Le blog de Eric Chevillard - 790 - Je découvre cet écrivain et son blog présenté par Pierre Assouline. Chaque jour, trois pensées. Celles que j’ai liées me plaisent bien.

Le blog de Eric Chevillard - 792 - Comme c’est très bon, je vous en remets un autre.

Quelques mots dur le jugement Clearstream - Pour y voir plus clair dans cette fumeuse affaire qui sépare la France en deux, les villepinards et anti-villepinards (que l’on ne doit pas comprendre comme les opposants au mauvais vin, mais ceux persuadés de la culpabilité), comme jamais depuis l’affaire Dreyfus et l’affaire Julien Coupat. Pour ma part, après avoir été longtemps anti-villepinard, dans le sens non pas où j’aurais été sarkozard ou convaincu que Villepin était un grand conspirationniste, mais dans celui où ce dernier aurait laissé courir les rumeurs du moment que celles-ci lui auraient profité - comme certainement la plupart des politiciens à sa place -, les récents événements de ce matin rééquilibrent la balance que le petit procureur qui se cache en moi tient dans sa main.
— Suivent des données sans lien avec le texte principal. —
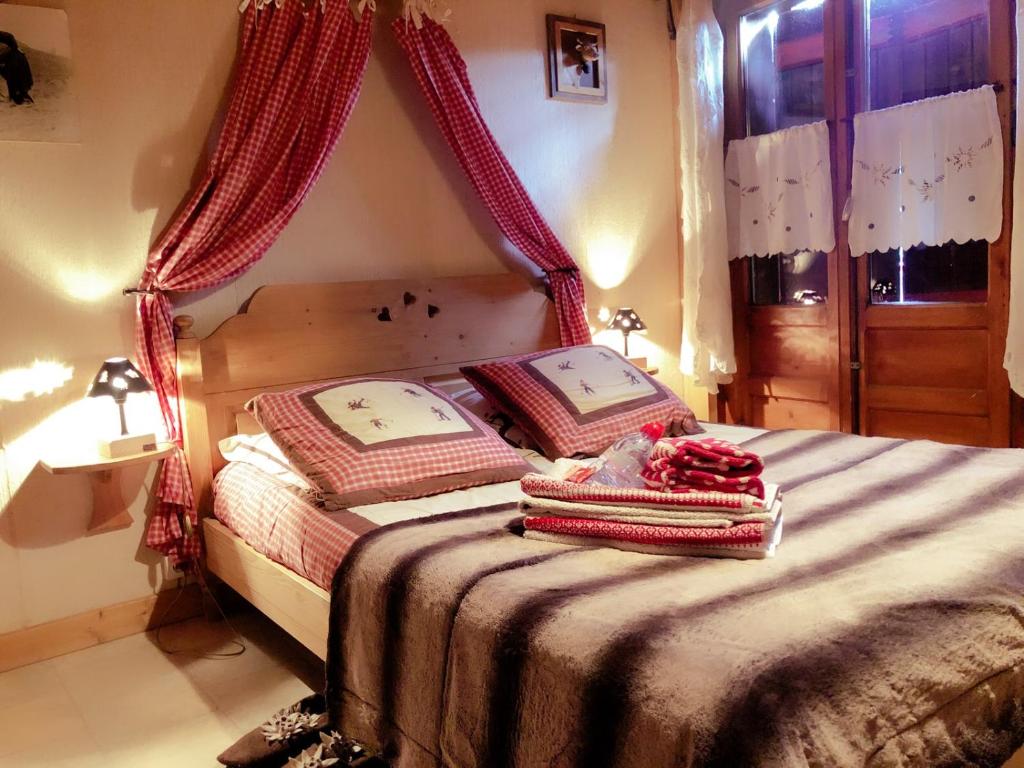 モントリオンにあるChalet Génépiのベッドルーム1室(赤いカーテンと毛布付きのベッド1台付)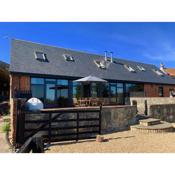 Tithe Barn a Stunning family home with panoramic views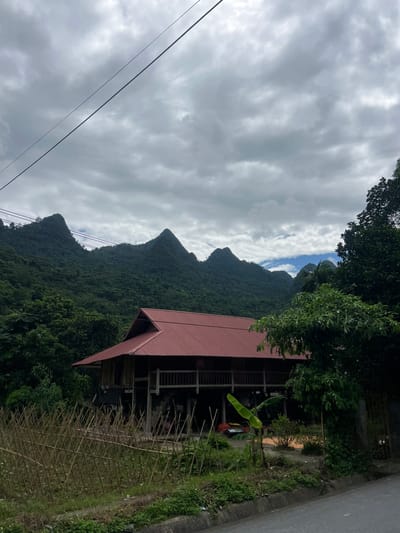 The image captures a scenic view of the countryside in Thuận Hòa Commune, Vietnam, under a cloudy sky. Dominating the background are lush, green mountains with distinctive jagged peaks, partially obscured by a network of power lines. In the foreground, a traditional stilt house with a red metal roof stands prominently. The house is raised on wooden stilts and features a balcony. In front of the house, a rustic bamboo fence encloses a garden area with various plants, including what appears to be a banana tree. A paved road runs along the bottom right of the frame, with a concrete curb. The overall scene depicts a tranquil rural setting, blending natural landscapes with local architecture.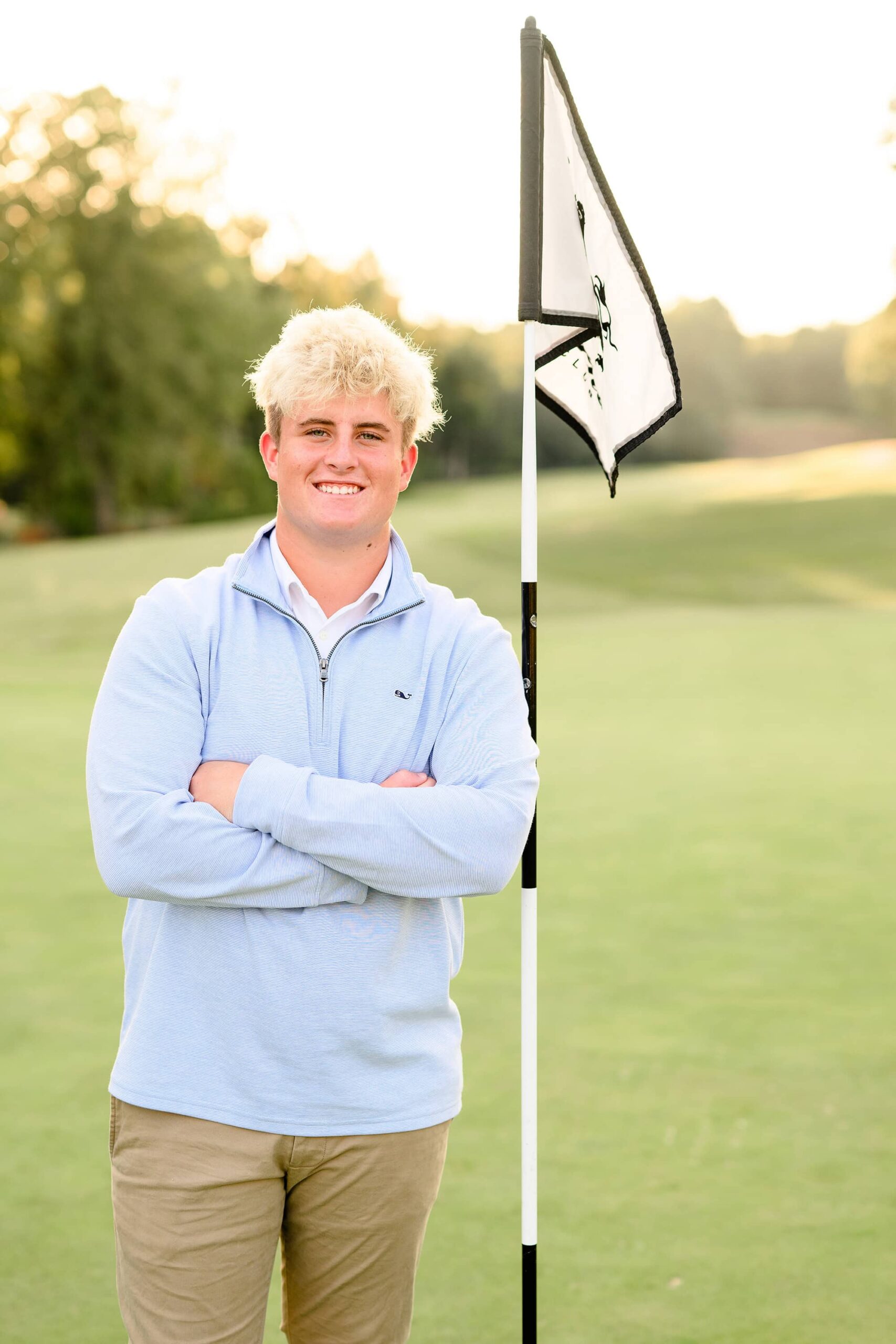 A Marvin Ridge high school senior golfer with curly blonde hair and a light blue quarter-zip sweater stands on a green golf course, smiling with his arms crossed next to a Firethorn golf flag. The sun casts a warm glow in the background.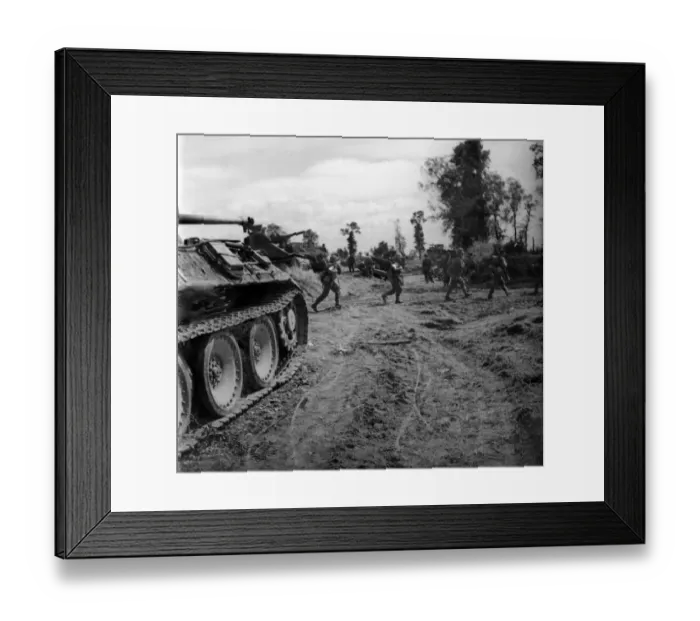 Framed Print : British infantry passing a knocked out German tank as they move up to consolidate a Framed Print : British infantry passing a knocked out German tank as they move up to consolidate a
Frêche – Fabius : l’enregistrement - Ce que Georges Frêche a vraiment dit. J’ai peur de l’avouer, mais j’ai le sentiment qu’il n’y a pas de quoi fouetter un chat. Si les journalistes, surtout ceux qui ont relayé benoîtement l’article de L’Express par lequel ceci fut révélé, avaient correctement fait leur travail en écoutant cette source plutôt qu’à penser ce que L’Express permettait qu’on puisse penser, sans doute n’auraient-ils pas cherché derrière cette expression proverbiale « qui n’est pas catholique » plus que ce qu’elle ne contient. Car tout part de L’Express qui a saisi ce mot prononcé vraisemblablement de manière très anodine, qui l’a mis en exergue un peu partout sur son article, certainement pour faire du buzz comme on dit. Laurent Fabius, interrogé par le même journal sur la question, n’a pas souhaité répondre sur ce sujet, et à l’heure où le journal était mis sous presse, rien ne permettait à L’Express de dire si celui-ci avait compris dans cette attaque que Georges Frêche lui reprochait simplement d’avoir la tête d’un type louche, ou bien de ne pas avoir celle d’un catholique. Sans trancher entre ces deux possibilités, la mise en scène établie par L’Express, qu’elle fut consciente et intentionnelle ou non, aboutie à orienter la lecture de telle sorte qu’il soit possible de penser, d’une part que l’expression n’est pas utilisée dans son sens proverbial mais dans une orientation théologique positive reprochant le manque de catholicisme, et d’autre part théologico-politique négative reprochant le judaïsme du concerné. Tout ce brouhaha n’est pas très catholique.